-------- RECORDS TO USE --------

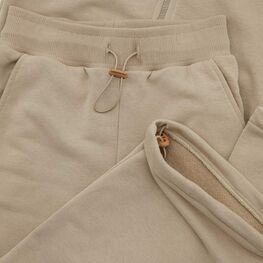 07764096-41 Костюм зип-худи + брюки бежевый для мальчики бежевый фото №4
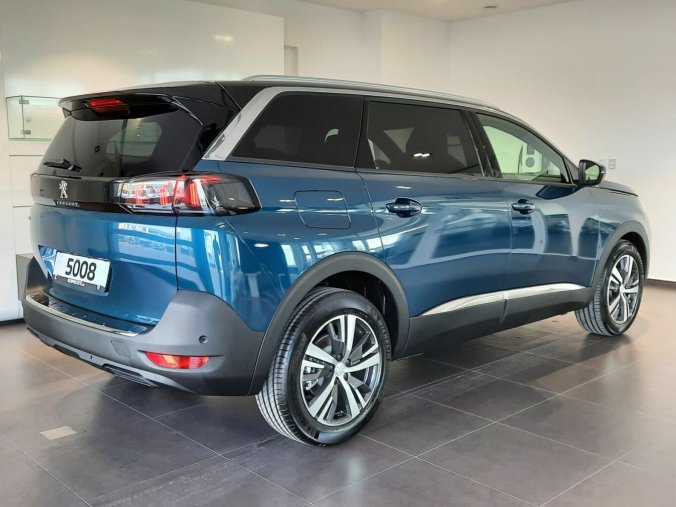 Peugeot 5008, Peugeot 5008 ALLURE PACK BlueHDi 130 S&S EA, barva modrá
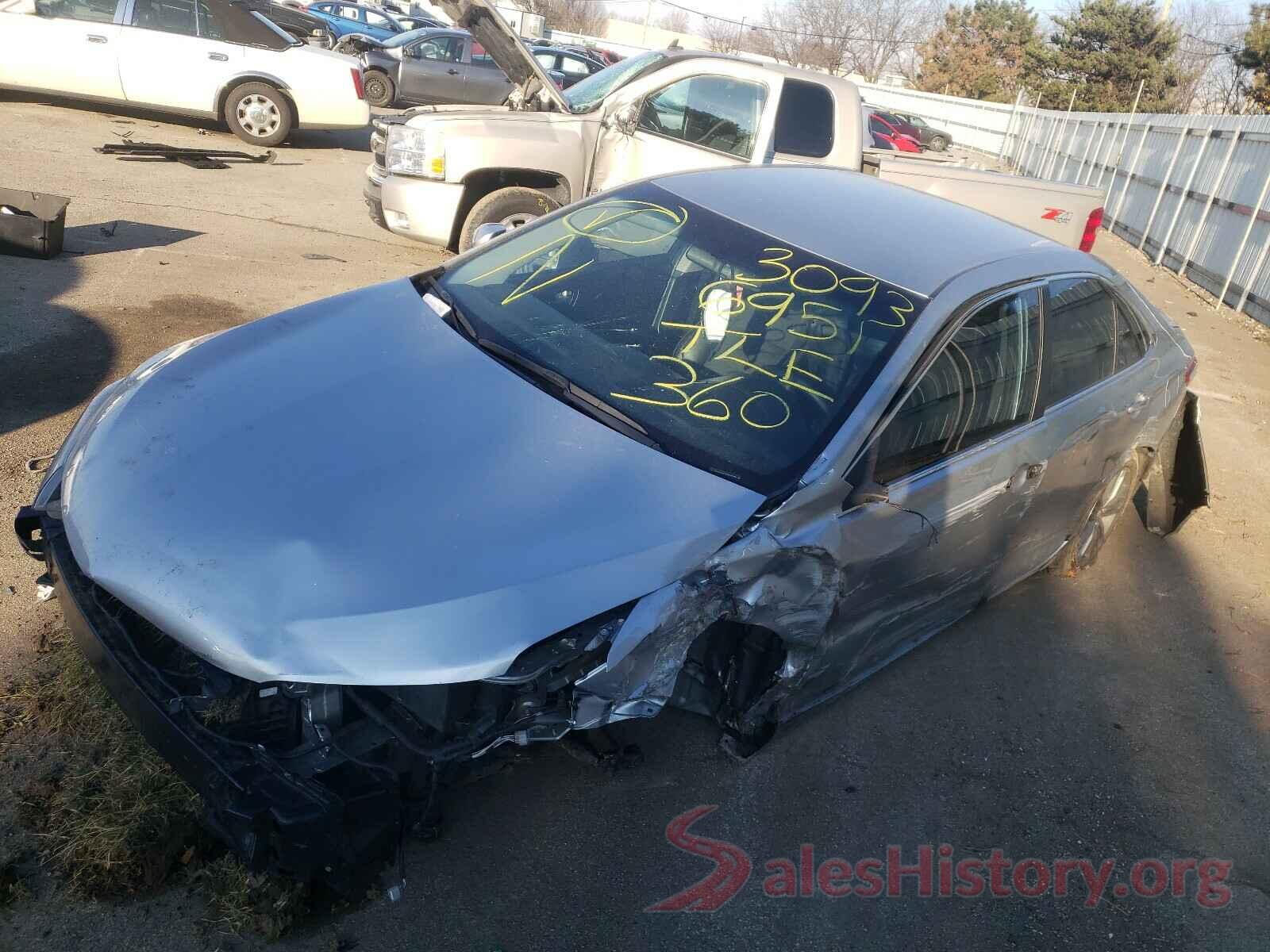 4T1BF1FK0HU300756 2017 TOYOTA CAMRY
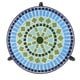 Iris Outdoor Round Tile Side Table/ Planter by Christopher Knight Home - Thumbnail 5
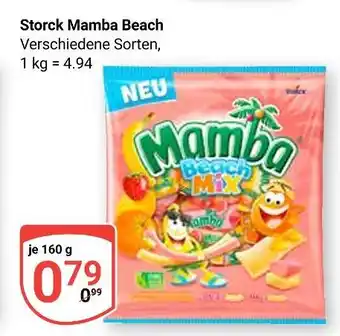 Globus Storck mamba beach Angebot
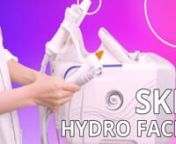 How to Setup Hydrafacial Machine Tutorial &#124; Hydra Facial Radio Frequency Facelift FAQs &#124; AS162nnPurchase link: https://www.mychway.com/itm/1005748.htmlnn#mychway #hydrafacial #faceliftnWant a young, beautiful, glowing and healthy skin? Maybe you have tried chemical peel product, photon facial therapy or plastic surgery. But you may not get an obvious skincare result. My point? I think you should try a Hydradermabrasion Facial, also called Aqua Dermabrasion or Wet Microdermabrasion. nnnHydrafacia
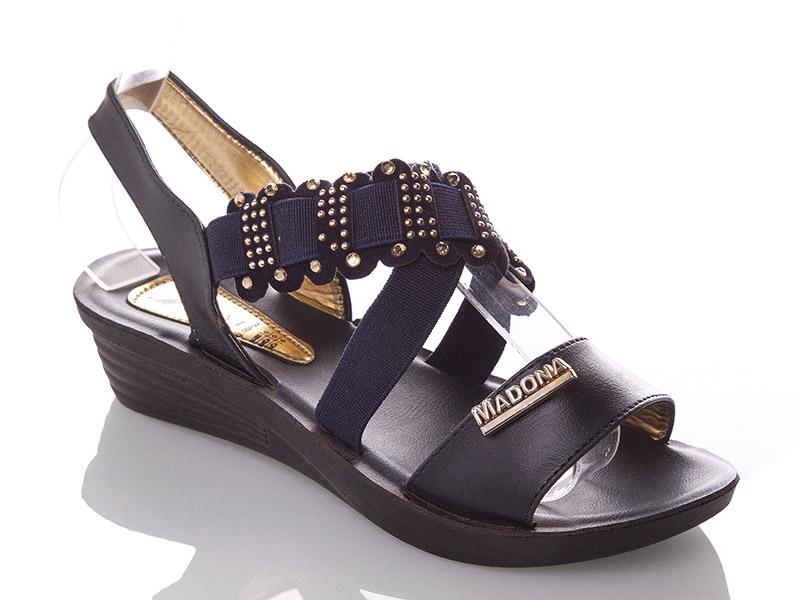 Босоножки Malibu (30-35) KB Madona blue (30-35) (лето)
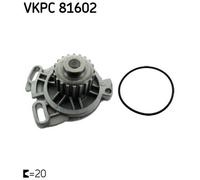 SKF VKPC 81602 Pompe à eau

--------

| EXERCISE PROMPT |
Reproduce exactly, and only, the lines from the one holding "Босоножки Malibu (30-35)" through the final line of the entries. Do not include the pictures.

| EXERCISE RESULT |
 Босоножки Malibu (30-35) KB Madona blue (30-35) (лето)
 SKF VKPC 81602 Pompe à eau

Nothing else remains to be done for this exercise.